Lunedì 1 giugno 2015 in Svizzera c’era un bel sole.
In Italia si approfittava del ponte per la Festa della Repubblica per una prima scappata al mare.
Noi avevamo dormito – accampati sul pavimento della piccola, bellissima, casa che mio marito aveva affittato due anni prima nella città vecchia di Ginevra, quando aveva cominciato a insegnare al Politecnico di Losanna- e ci stavamo preparando per un incontro importante.
Solo un mese prima avevamo deciso che saremmo emigrati, io tra le lacrime avevo trovato una fotografia formato francobollo di una casetta in affitto e avevo detto: Se riesci a prendere questa, io vengo. Poi avevo assillato al telefono mio marito tutti i giorni per una settimana fino a che non aveva ottenuto l’appuntamento con l’agenzia. Pare che già sulla abbia detto: “Va bene, la prendiamo”, ” Ma non vuole parlarne con sua moglie?”, ” Va bene anche a mia moglie.”
La casetta che ci avrebbe accolti per tre anni, si sarebbe liberata solo a giugno, così in quell’ultimo weekend di maggio avevamo potuto vederla solo da fuori e apprezzare il rinomato calore svizzero di una vicina che ci aveva morsi, vedendoci sbirciare il giardino.
Ma l’appuntamento importante era un altro.
Mentre mio marito assillava l’agenzia immobiliare, io avevo fatto lo stesso con maestre e professori e segreteria scolastica dei nostri ragazzi ed avevo ottenuto una preziosa copia in anticipo delle loro pagelle che sarebbero state ufficiali solo la settimana successiva.

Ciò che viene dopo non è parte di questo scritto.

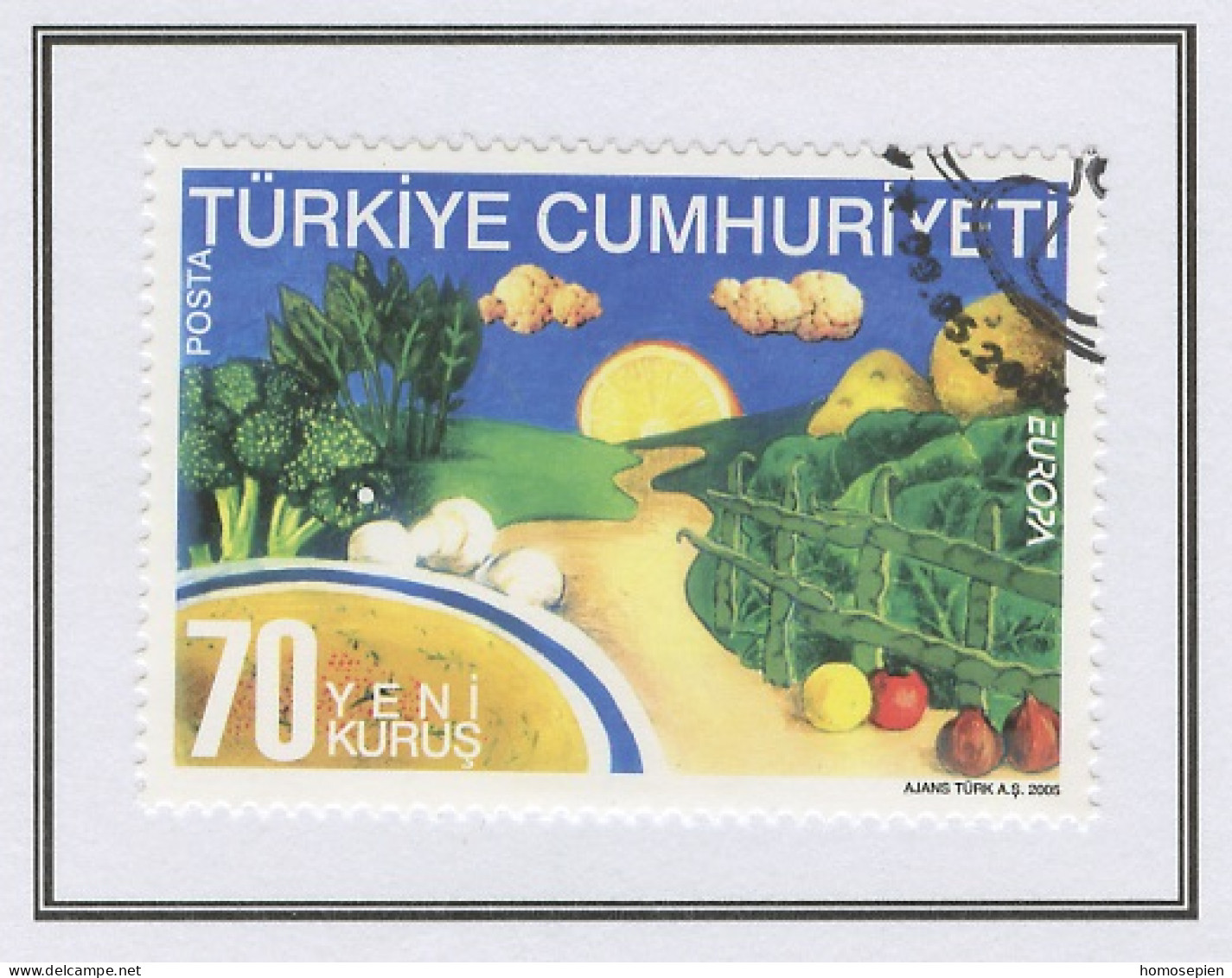 Turquie - Türkei - Turkey 2005 Y&T N°3167 - Michel N°3438 (o) - 70k EUROPA - Oblitérés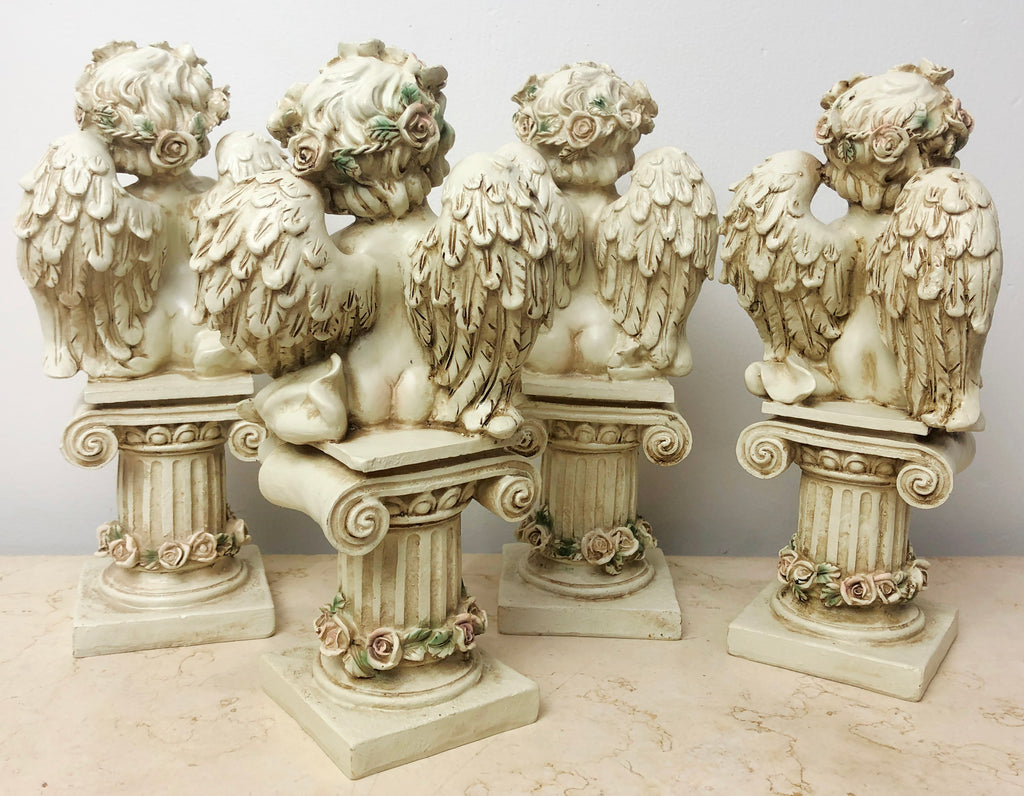 Vintage Hand Made Cherub / Cupid Ornament | Adelaide Clocks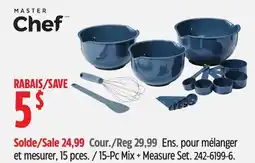 Canadian Tire 15-Pc Mix + Measure Set offer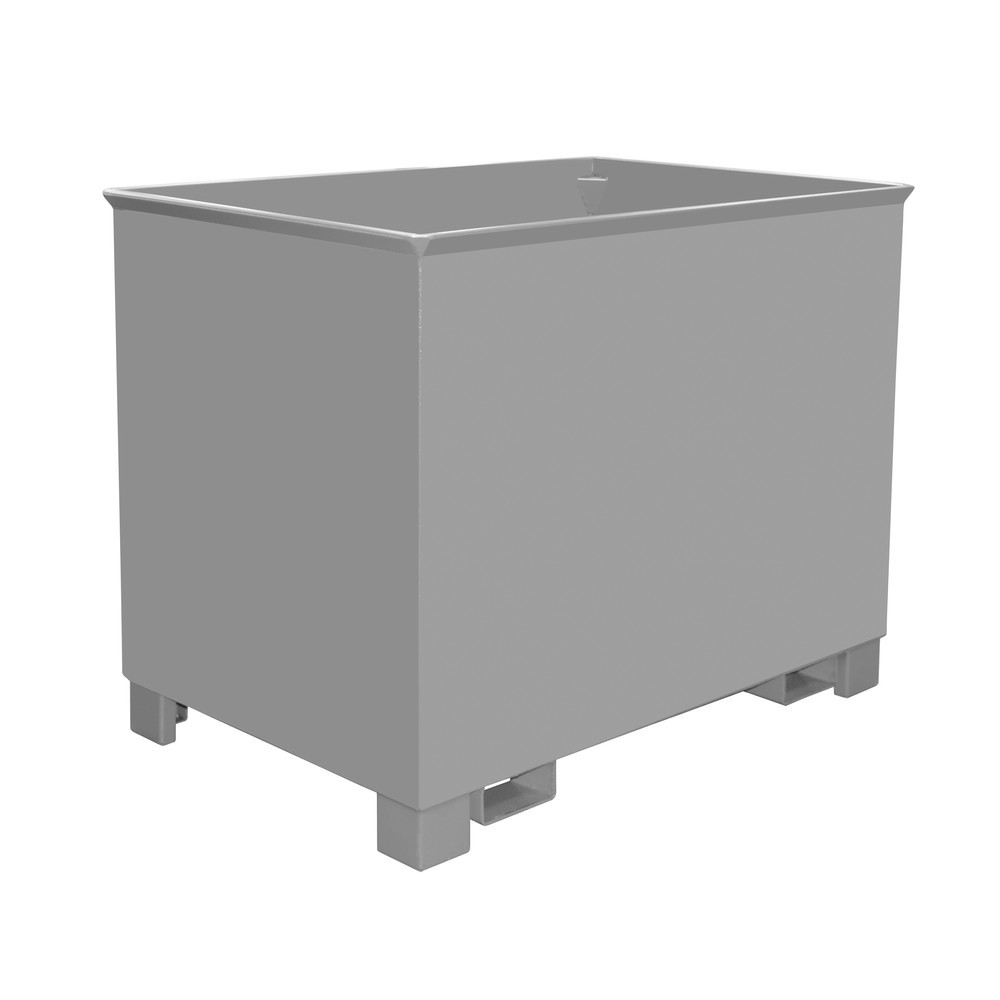 Imagen del producto: Eurocaja Bauer® para trenes logísticos, pintada, volumen 0,8 m³, RAL 7005 gris ratón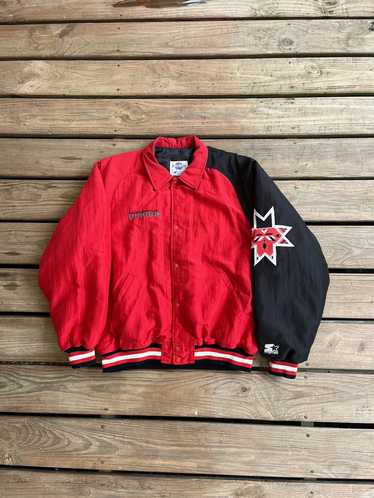 90s starter puffer jacket - Gem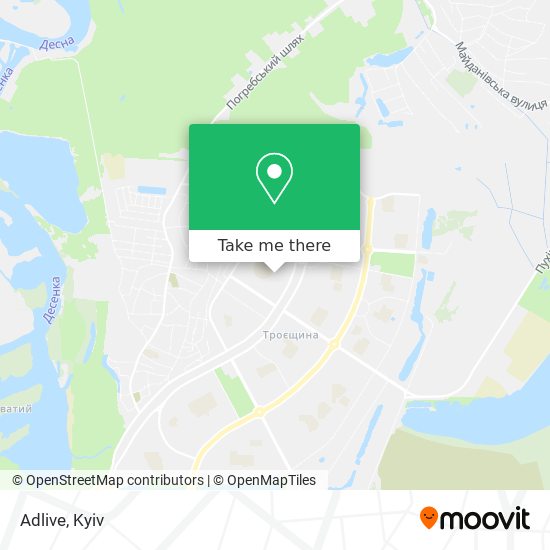 Adlive map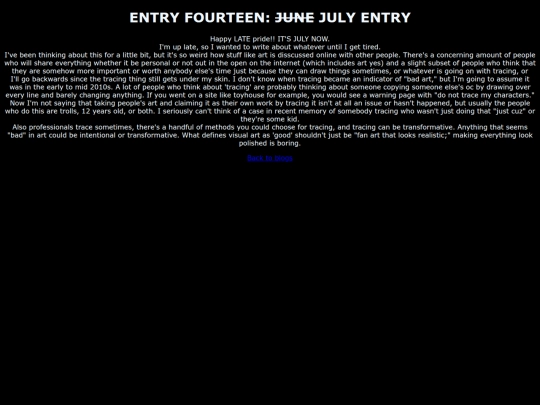 blorgs/Entry14 screenshot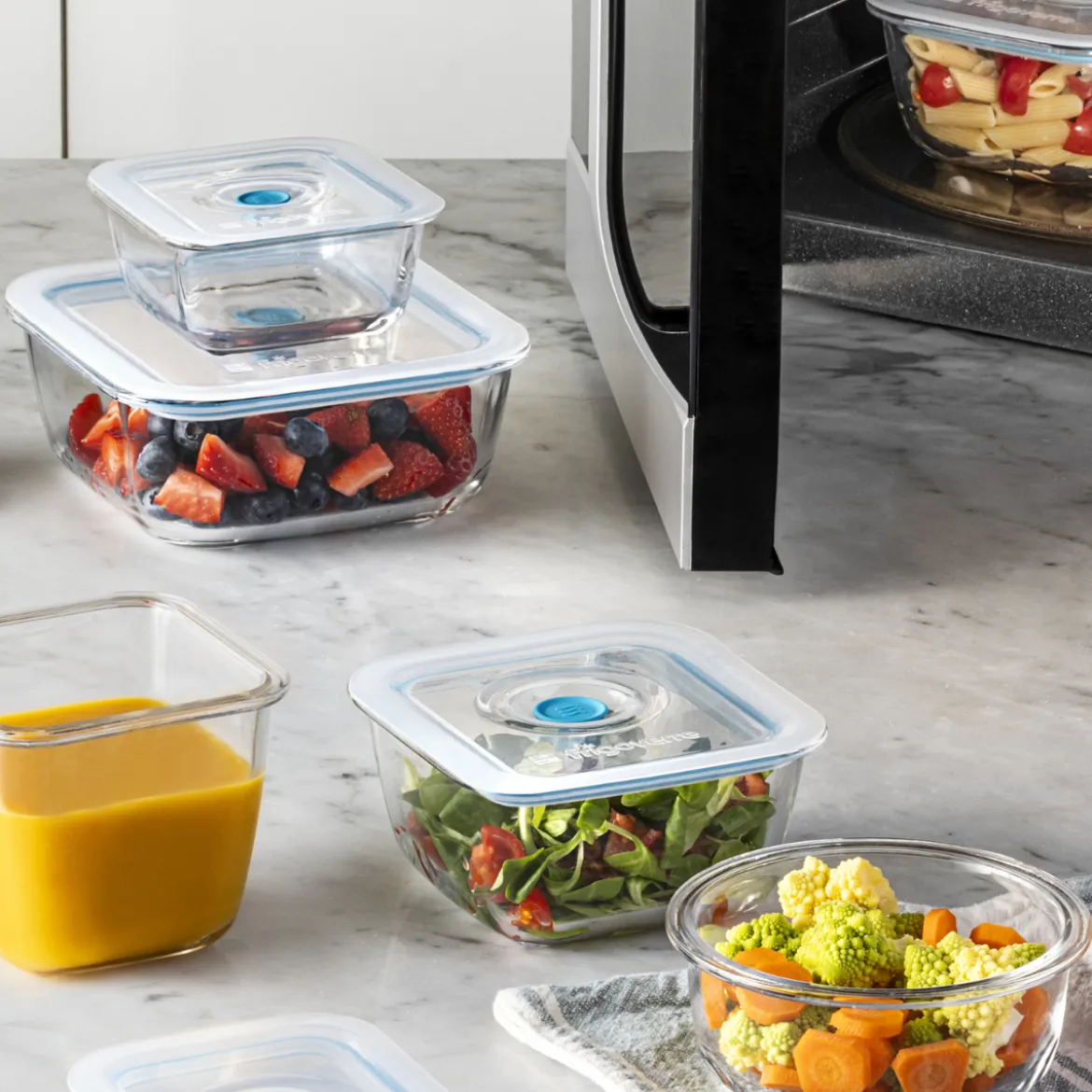 Recipientes de vidrio con tapa hermética Frigoverre Smart Bormioli Rocco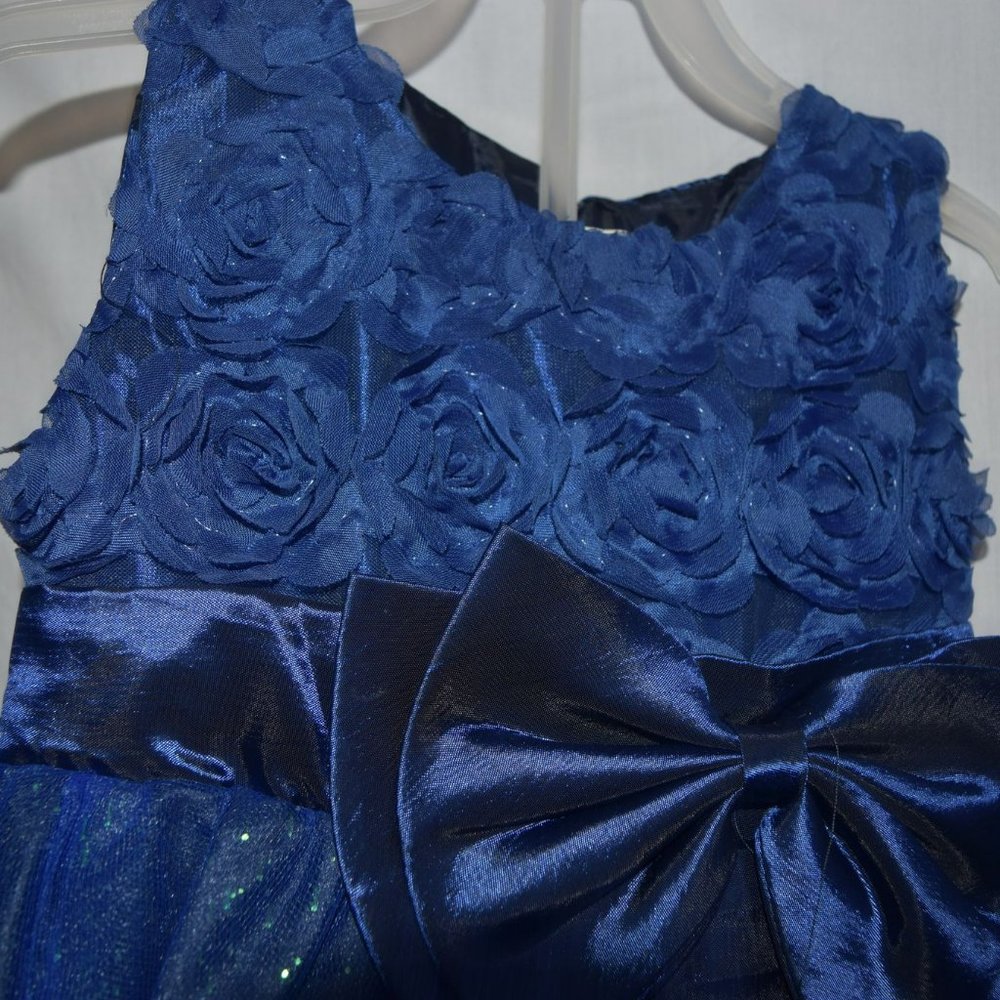 Girl Sleeveless Lace 3D Flower Tutu Holiday Princess Dresses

Con quelle i nostri dossier erano completi e potevamo incontrare i tre doyens delle nostre future scuole.
La visita guidata era andata molto bene, le strutture erano pazzesche, palestre, campi da gioco, laboratori di scienze, arte, cucito, cucina, falegnameria, musica. Era tutto talmente bello che mio figlio maggiore aveva chiesto: “Ma è una scuola privata vero?”. E alla risposta negativa si era lasciato scappare il primo sorriso a rompere il broncio in cui si erano trincerati tutti e tre alla notizia della prossima emigrazione.
In realtà la scuola era una sola, diverse sedi e diversi responsabili per ciascun ciclo di due anni di studio. Sopra tutti, lui, il terrificante Monsieur Z, il direttore.
Ed era con lui che nel pomeriggio, dopo aver visitato le strutture e conosciuto gli insegnanti, avremmo avuto l’incontro decisivo, quello in cui ci avrebbe comunicato l’enclassement, ovvero cosa sarebbe stato riconosciuto del percorso scolastico italiano e in quale classe i miei ragazzi sarebbero stati inseriti.
Saremmo entrati da soli, i ragazzi dovevano aspettarci fuori, sul bel campo da gioco vista lago.
Ero preoccupata, a disagio, mi vergognavo del mio francese di pochi mesi. Anche se poco prima la vicepreside mi aveva lusingata, dicendo che se i miei figli avevano preso da me e avessero imparato così in fretta, non avrebbero avuto nessun problema. Io non mi sentivo attrezzata per affrontare un incontro così decisivo. Ma al petto stringevo loro: le tre brillanti pagelle dei miei bravi scolari – da allora non se ne sono più viste di simili-.
Da qui in poi il racconto sfuma nella leggenda, uno di quegli sketch che temo verranno raccontati anche ai miei nipoti. A sentire mio marito pare che alla notizia che il mio piccolo avrebbe dovuto ripetere la prima elementare, le pagelle si siano trasformate in armi pericolose e che io le abbia appoggiate sulla scrivania come in una scena del Padrino, dicendo con forte accento meridionale:
” Monsieur, mais avez-vous regardé les bulletins?!” Sventolando la sfilza di dieci del mio terzogenito, mentre mordevo alla giugulare il Direttore.
A questa parte non voglio credere, diciamo solo che mio figlio è stato iscritto direttamente in seconda.
E che mesi dopo sono stata io ad aver bisogno degli originali dei miei diplomi, volevano le pergamene, per controllare che fosse tutto vero.
Diciamo che noi siamo emigrati sul tappeto rosso, ma che anche così non è stato facile, non lo è tutt’ora. E strette al petto avevamo le nostre pagelle, il documento più importante che abbiamo portato con noi.